A mon point de vue, le racisme (sans réductionnisme mais avec une bonne dose d’abstraction) se résume à un comportement individuel, social, politique, institutionnel, ethnique… Bref culturel, qui génère du mépris et des injures racistes, la diffamation raciale, la discrimination raciale, des violences raciales, l’exclusion politique… qui devraient être interdites constitutionnellement et ainsi passible de poursuite pénale et civile, pour des réparations. Les plus hauts degrés du racisme demeurent la xénophobie, les ségrégations et les génocides.
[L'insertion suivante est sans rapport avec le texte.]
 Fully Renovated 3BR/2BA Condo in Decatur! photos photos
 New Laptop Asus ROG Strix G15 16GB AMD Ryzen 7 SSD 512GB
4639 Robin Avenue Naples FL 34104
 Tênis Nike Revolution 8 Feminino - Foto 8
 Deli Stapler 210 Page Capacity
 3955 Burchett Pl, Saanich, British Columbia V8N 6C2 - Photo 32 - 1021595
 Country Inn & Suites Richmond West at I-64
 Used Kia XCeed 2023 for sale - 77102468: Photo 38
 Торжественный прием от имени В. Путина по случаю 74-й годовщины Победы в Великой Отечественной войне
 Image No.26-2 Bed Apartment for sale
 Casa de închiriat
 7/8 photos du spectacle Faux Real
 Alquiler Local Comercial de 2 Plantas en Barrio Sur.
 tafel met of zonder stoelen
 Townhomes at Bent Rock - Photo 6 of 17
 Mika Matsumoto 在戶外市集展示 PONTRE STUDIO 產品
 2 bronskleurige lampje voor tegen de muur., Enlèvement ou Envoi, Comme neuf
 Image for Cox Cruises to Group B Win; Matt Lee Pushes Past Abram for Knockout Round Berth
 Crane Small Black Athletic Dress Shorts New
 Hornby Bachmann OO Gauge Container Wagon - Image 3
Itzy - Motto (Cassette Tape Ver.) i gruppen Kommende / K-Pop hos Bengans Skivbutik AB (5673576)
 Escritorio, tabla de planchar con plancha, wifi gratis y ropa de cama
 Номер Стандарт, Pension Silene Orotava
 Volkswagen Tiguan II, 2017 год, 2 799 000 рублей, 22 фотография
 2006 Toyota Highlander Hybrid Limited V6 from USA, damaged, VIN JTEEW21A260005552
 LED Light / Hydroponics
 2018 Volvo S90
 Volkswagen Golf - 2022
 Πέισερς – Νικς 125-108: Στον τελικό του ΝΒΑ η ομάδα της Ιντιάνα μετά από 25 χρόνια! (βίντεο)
Comme on le constate en niant l’existence des races, il n’est pas raisonnable de nier l’existence du racisme. On peut facilement comprendre le racisme dans une société (ou une organisation politique) pratiquant le sectarisme. En Europe, le Juif, l’Arabe, l’Africain… sont acceptés que quand ils adhèrent à la religion, à la langue et aux coutumes de l’Européen. Comme certains partis politiques qui n’acceptent comme membres que ceux qui adhèrent à leur idéologie et à leur leadership. Dans le fond, le sectarisme constitue l’apologie du racisme.

L’autre forme de racisme

Je vais avancer une proposition qui n’engage que moi.

J’ai compris quoi dans mon auto-initiation politique contre le racisme? 1) Que la notion de race n’est applicable pour l’humain que dans le cadre de son identification par rapport aux autres espèces vivantes, avec lesquelles il faut développer des rapports nouveaux (j’y reviendrai). 2) Que nous sommes tous des Homo sapiens-sapiens. En soi, donc, l’humanité est constituée d’une seule race, avec de multiples cultures, mais avec un fonds commun de civilisation. 3) Qu’il existe des différences entre les cultures qui n’ont RIEN à voir avec le terme « race ». J’ai pris position contre l’inter-culturalisme, le multiculturalisme et l’universalisme culturel pour me concentrer sur la civilisation humaine juxtaposant les cultures et dégageant une transversalité de ce qui est acceptable pour tous, et 4) que le racisme existe bel et bien, dans notre société comme ailleurs et qu’il faut une action politique pour le combattre.

Je milite pour que les termes « race » et « couleur » soient enlevés de notre Constitution pour être remplacés par le terme « racisme ». Je fais une distinction entre ce que les citoyens : 1) ne doivent pas accepter en termes de discriminations de toutes sortes ; 2) ne doivent pas laisser passer en exigeant réparation et 3) doivent mener comme actions politiques et institutionnelles contre les exclusions et les agressions. Question : est-ce suffisant ? Je dis que non. Je me suis intéressé à examiner les systèmes politiques. Je me bats depuis des années contre le capitalisme que je considère éminemment raciste dans la Constitution et le comportement des classes hégémoniques et dominantes. Avec son lot d’exploitation, d’oppression, de domination, de ségrégationnisme, et de privilèges.

Mais j’affirme aussi – en me référant aux crimes d’un collectivisme niant les différences entre individus et collectifs d’individus, imposant l’ « uniformisme », au nom de l’économisme, massacrant toute individualité chez les humains… Quand je regarde ce qui se passe en Corée du Nord…comme pendant des périodes spécifiques dans l’ex-URSS, en Chine, au Cambodge… – que le racisme est aussi la démarche d’une bureaucratie sectaire qui s’est octroyée le droit de traiter des masses de gens comme on n’oserait même pas traiter les animaux. Être raciste, c’est aussi déshumaniser l’Homme en le traitant comme une chose. Le racisme a plusieurs visages. Je peux identifier à Maurice des centaines de racistes, ceux de droite comme ceux de gauche.